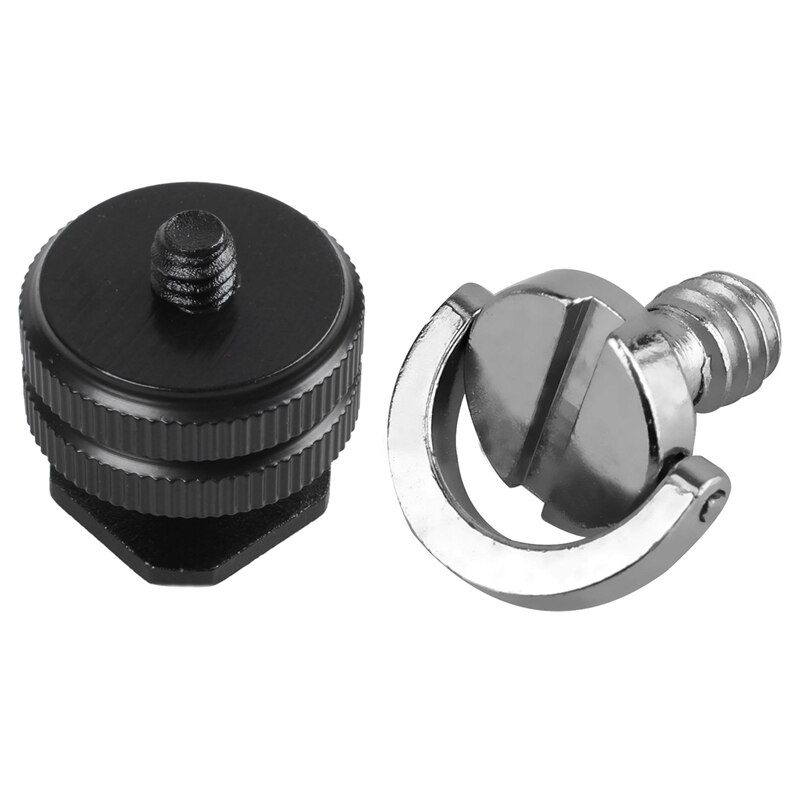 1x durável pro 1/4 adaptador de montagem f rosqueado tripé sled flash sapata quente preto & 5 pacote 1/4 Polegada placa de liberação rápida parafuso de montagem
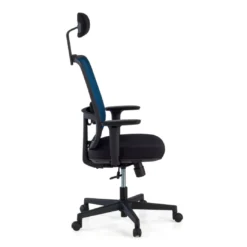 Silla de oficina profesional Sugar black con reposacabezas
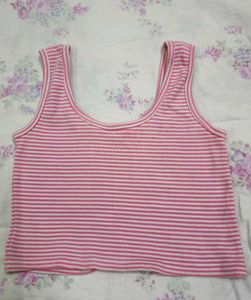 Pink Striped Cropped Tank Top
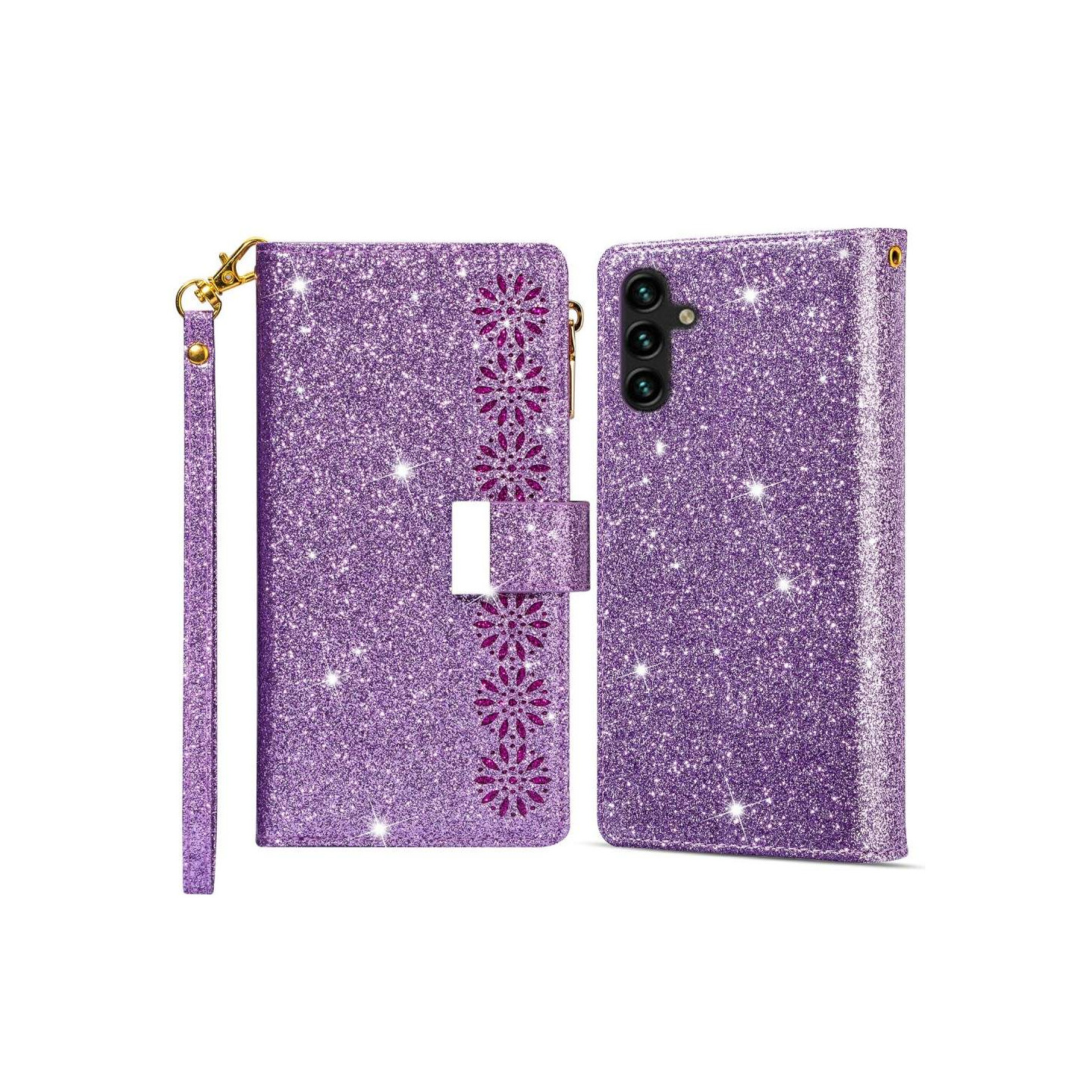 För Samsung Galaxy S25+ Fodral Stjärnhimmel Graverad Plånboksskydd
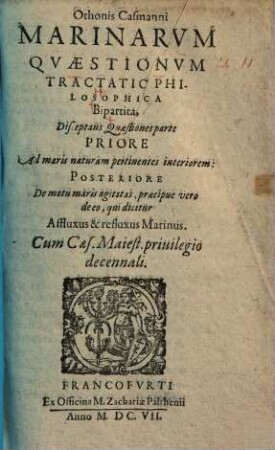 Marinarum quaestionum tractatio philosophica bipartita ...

══════════════════════════════

TASK DIRECTIONS - Set down word for word, from the line that contains "Pink Striped Cropped Tank Top" to the end of the listing above, every line and no picture.

EXERCISE RESPONSE -
 Pink Striped Cropped Tank Top
 För Samsung Galaxy S25+ Fodral Stjärnhimmel Graverad Plånboksskydd
 Marinarum quaestionum tractatio philosophica bipartita ...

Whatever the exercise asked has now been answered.